White House Press Secretary Robert
Gibbs has joined Defense Secretary Robert Gates and Admiral Mike
Mullen, the chairman of the Joint Chiefs of Staff, in warning that
failure to legislatively repeal “Don't Ask, Don't Tell” during the
lame-duck session would leave courts to decide the issue.
“Do this legislatively, which
provides an avenue with which to implement the policy,” Gibbs told
reporters on Monday. “A court doing this is not likely to provide
the Pentagon and others with
a pathway for doing this.” (The video is embedded in the right
panel of this page.)
Gates repeated a similar warning on
Sunday: “If this law is going to change, it's better to be changed
by legislation rather than have it struck down by the courts.”
Also on Sunday, Mullen echoed a similar
sentiment: “The courts are very active on this. And my concern is
that at some point in time the courts could change this law and in
that not give us the right amount of time to implement it.”

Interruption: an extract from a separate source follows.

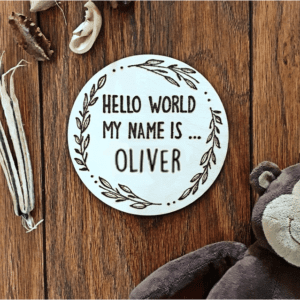 A round wooden plaque with a hand-burnt inscription that reads, "Hello world, my name is Oliver."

A federal appeals court in California
will consider a lower court's ruling that declared unconstitutional
the law that bans gay and bisexual troops from serving openly. The
court
also reinstated the policy after U.S.
District Judge Virginia Phillips ordered the government to stop
its enforcement.
The Senate's Democratic leadership has
pledged to vote on a defense bill that includes language that would
repeal the law after the Thanksgiving break. Hearings to consider a
Pentagon report on how to implement repeal have also been scheduled.
According to the Washington Post,
the report, which
is to be released a day earlier than previously announced, is
expected to show a majority of service members are okay with serving
and living alongside openly gay troops.
Repeal backers are optimistic that the
report will convince undecided senators to vote for repeal.